Jetzt musste er befürchten, alles wieder zu verlieren. Er hatte von vornherein gewusst, dass sie nicht für immer auf dieser Welt bleiben würden, sie war nur eine Zwischenstation, wo er mit seiner Flüchtlingsgruppe warten sollte, bis Remontoire und die anderen zu ihnen stießen. Doch die Zeit verging, die Zwanzigjahresgrenze wurde erreicht, ohne dass etwas geschah, und allmählich war er der Illusion erlegen, die Kolonie könnte doch von Dauer sein. Vielleicht hatte sich Remontoire nicht nur verspätet. Vielleicht würde der große Kampf zwischen der Menschheit und den Unterdrückern seine Welt aussparen.

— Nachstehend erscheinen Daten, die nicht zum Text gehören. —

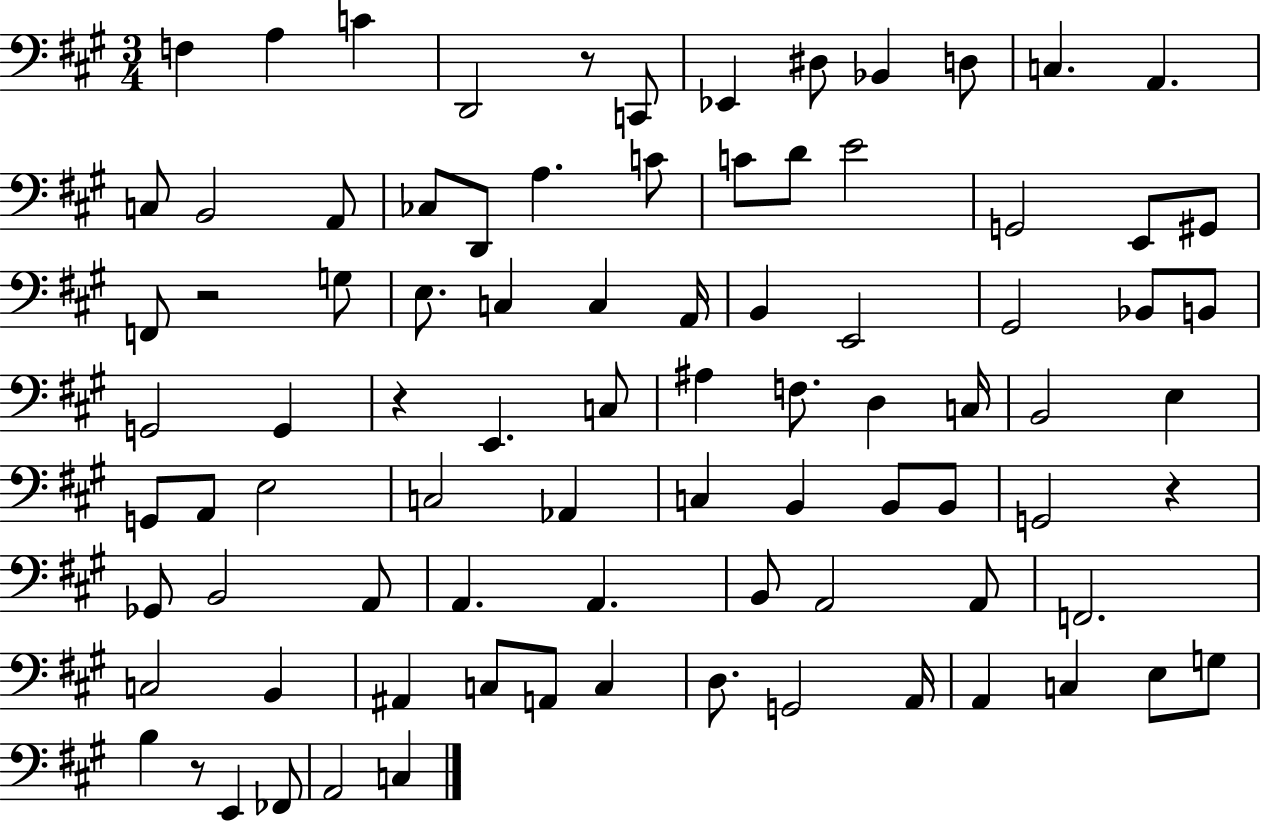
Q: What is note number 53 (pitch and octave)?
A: B2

Solchen Hoffnungen waren nie sehr realistisch gewesen, und jetzt musste er dafür bezahlen. Remontoire war eingetroffen, aber nicht allein, er hatte auch den Krieg mitgebracht. Wenn Khouris Aussagen stimmten, war die Lage mehr als ernst.

In der Ferne funkelten die Lichter. Die Stadt wirkte so vergänglich wie eine Staubschicht, die jeder Windstoß davonblasen könnte. Scorpio überfiel eine dumpfe Vorahnung. Jemand, der ihm nahe stand, schwebte in Lebensgefahr.

Er riss sich von dem Anblick los, drehte sich ruckartig um und strebte dem Konferenzraum zu.